Disorder Enhanced Quantum Process Tomography using Quantum Light

TL;DR

This paper explores how disorder can enhance quantum process tomography using quantum light, revealing that disorder can improve accuracy contrary to traditional beliefs, through numerical simulations and theoretical analysis.

Contribution

It demonstrates that disorder can improve quantum process tomography accuracy with quantum light, challenging conventional views and suggesting new approaches for chemical systems.

Findings

Disorder enhances the accuracy of quantum process tomography with quantum light.

Quantum light can outperform classical methods in disordered systems.

Numerical simulations support the theoretical prediction of disorder's beneficial role.

Abstract

Quantum process tomography might be the most important paradigm shift which has yet to be translated fully into theoretical chemistry.

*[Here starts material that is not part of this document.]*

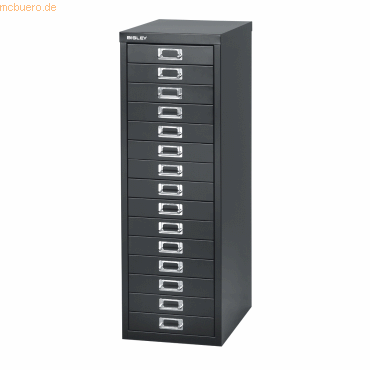 Bisley Schubladenschrank Basis A4 15 Schübe schwarz von Bisley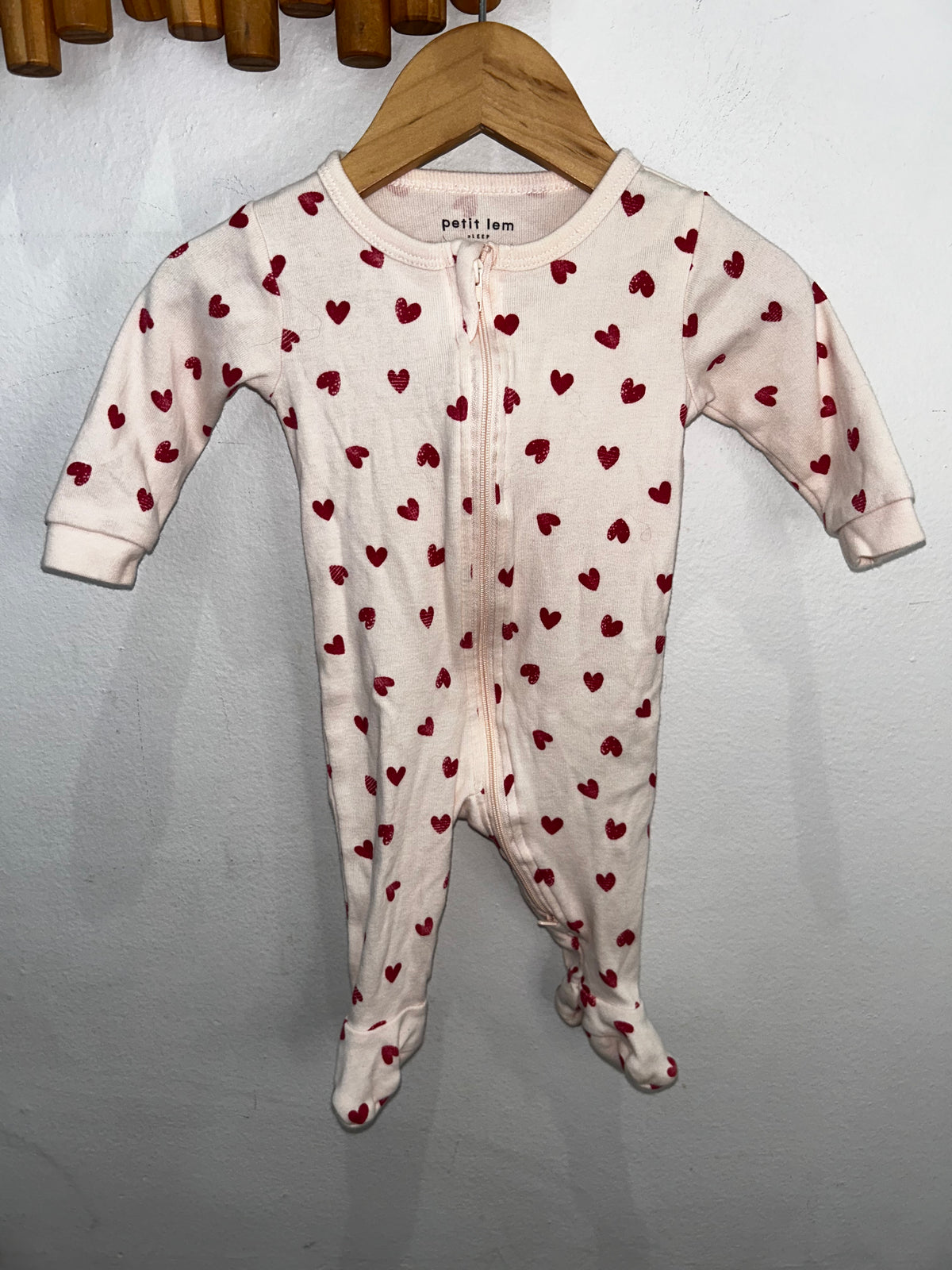 Red hearts sleeper 3m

Its fundamental strength, long established in quantum information science, offers a wealth of information about quantum dynamic processes which lie at the heart of many (if not all) chemical processes. However, due to its complexity its application to real chemical systems is currently beyond experimental reach. Furthermore, it is susceptible to errors due to experimental and theoretical inaccuracies and disorder has long been thought to be an obstacle in its applicability. Here, I present the first results of a study into the use of quantum light for quantum process tomography. By using a toy model and comparing numerical simulations to theoretical predictions the possible enhancement of using non-conventional light is studied. It is found, however, that disorder is necessary make the use of quantum light suitable for process tomography and that, in contrast to conventional wisdom, disorder can make the results more accurate than in an ordered system.